Start of Data supplied

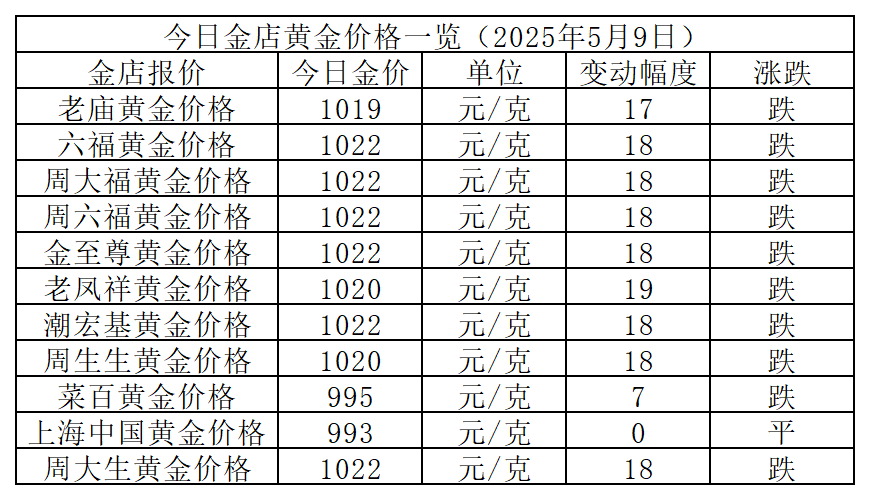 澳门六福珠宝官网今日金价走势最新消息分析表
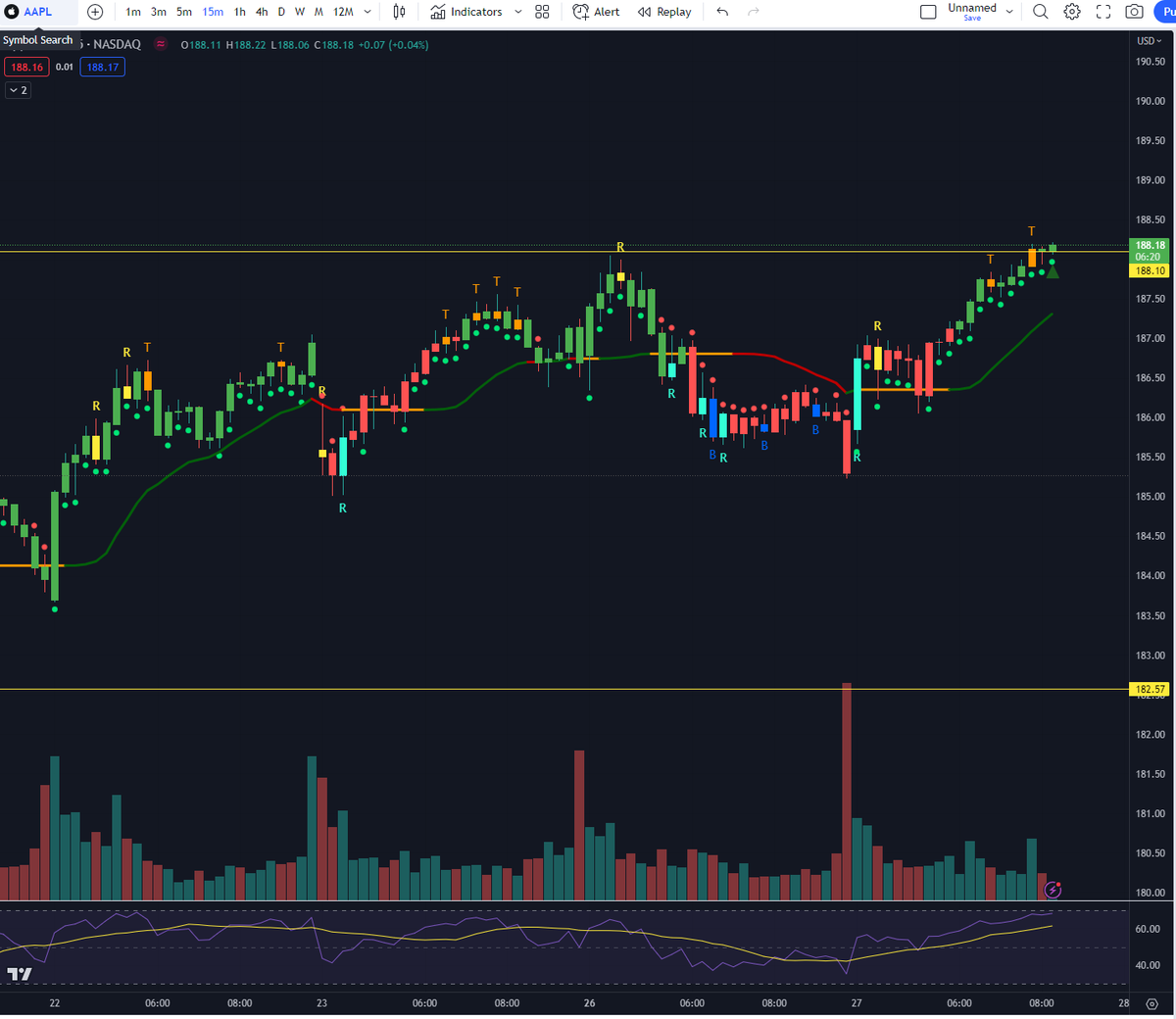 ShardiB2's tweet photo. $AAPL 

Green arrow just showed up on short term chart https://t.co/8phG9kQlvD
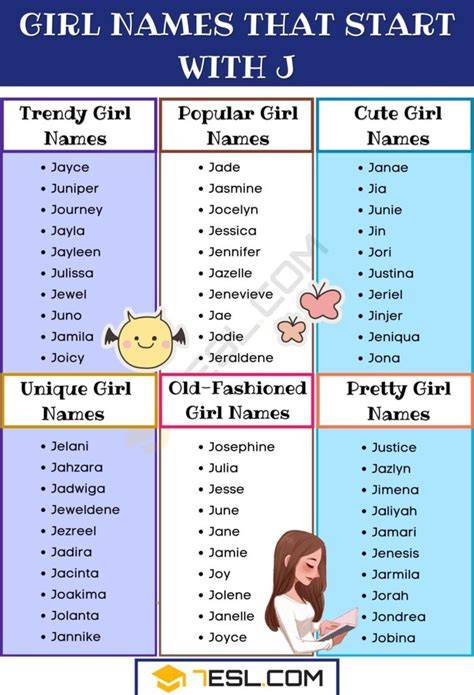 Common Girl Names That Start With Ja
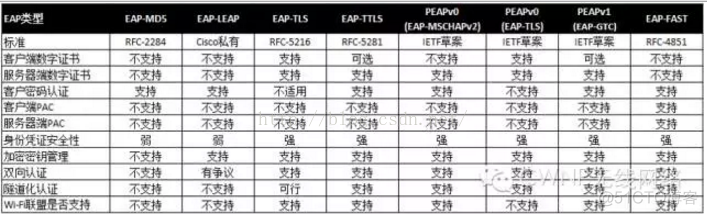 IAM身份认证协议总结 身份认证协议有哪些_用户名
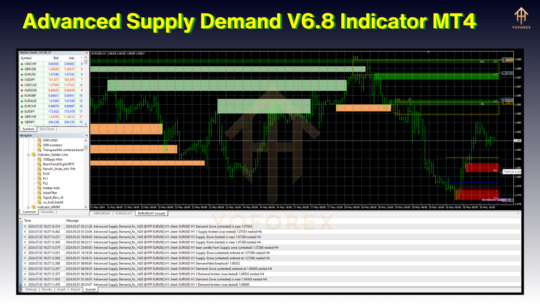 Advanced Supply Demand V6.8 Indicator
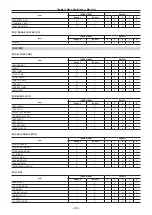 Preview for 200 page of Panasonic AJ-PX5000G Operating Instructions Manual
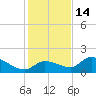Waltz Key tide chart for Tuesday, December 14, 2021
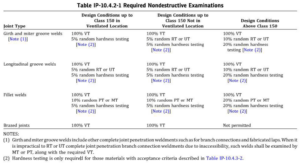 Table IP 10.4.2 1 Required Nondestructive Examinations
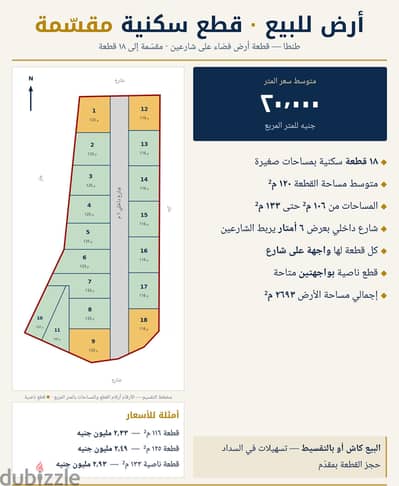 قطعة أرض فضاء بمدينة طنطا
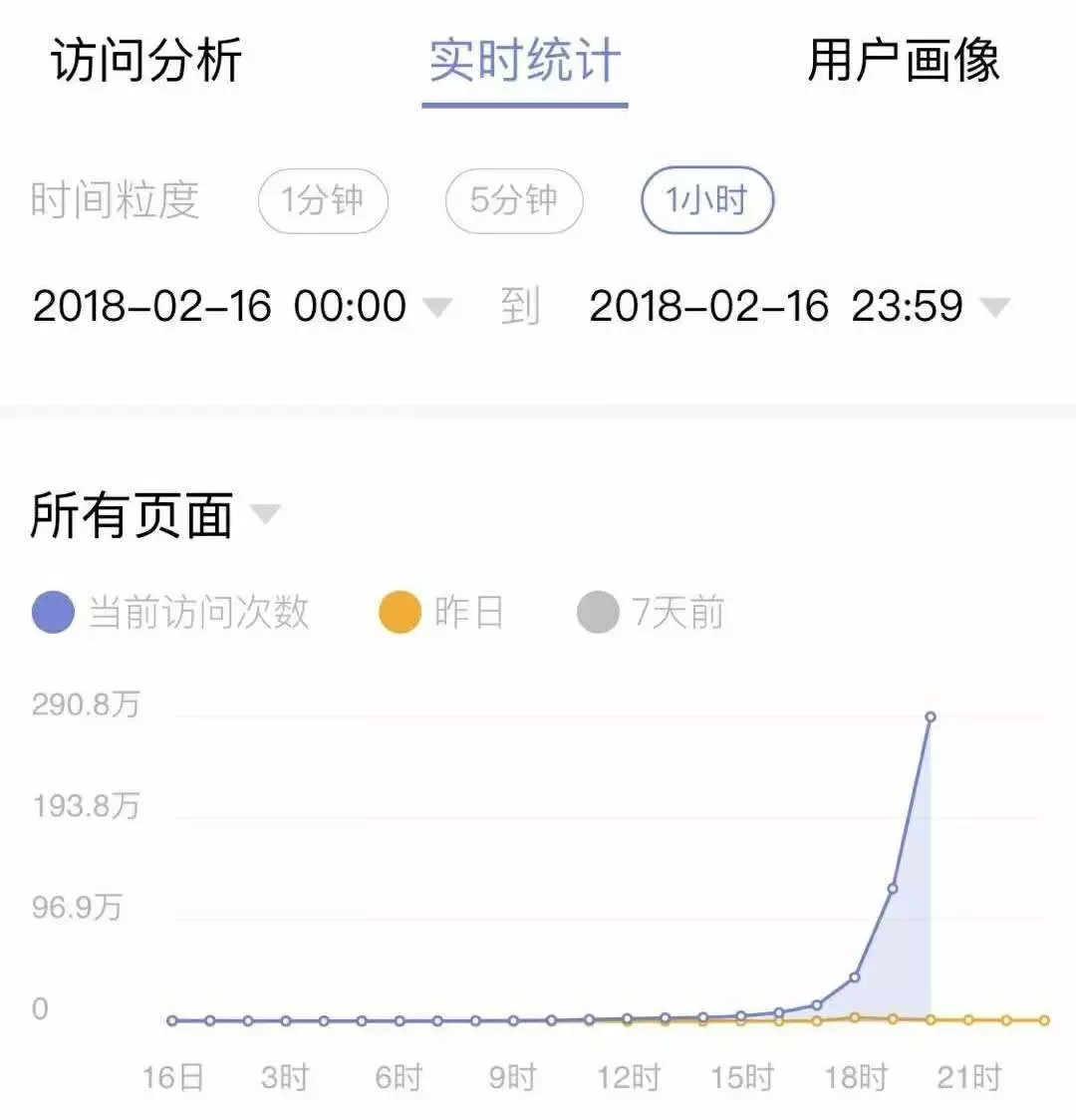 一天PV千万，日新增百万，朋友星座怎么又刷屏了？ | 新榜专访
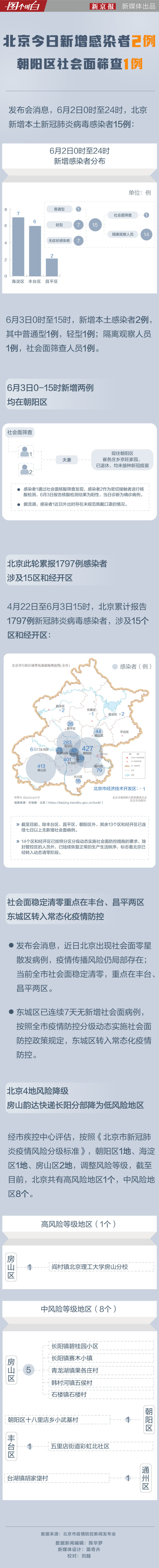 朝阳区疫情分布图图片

End of Data supplied

Directions:
Set down exactly and only the lines from the line that contains "IAM身份认证协议总结 身份认证协议有哪些_用户名" through the last line of the entries above, with both of those lines included and the pictures left out.

Result of this task:
 IAM身份认证协议总结 身份认证协议有哪些_用户名
 Advanced Supply Demand V6.8 Indicator
 Preview for 200 page of Panasonic AJ-PX5000G Operating Instructions Manual
Waltz Key tide chart for Tuesday, December 14, 2021
 Table IP 10.4.2 1 Required Nondestructive Examinations
 قطعة أرض فضاء بمدينة طنطا
 一天PV千万，日新增百万，朋友星座怎么又刷屏了？ | 新榜专访
 朝阳区疫情分布图图片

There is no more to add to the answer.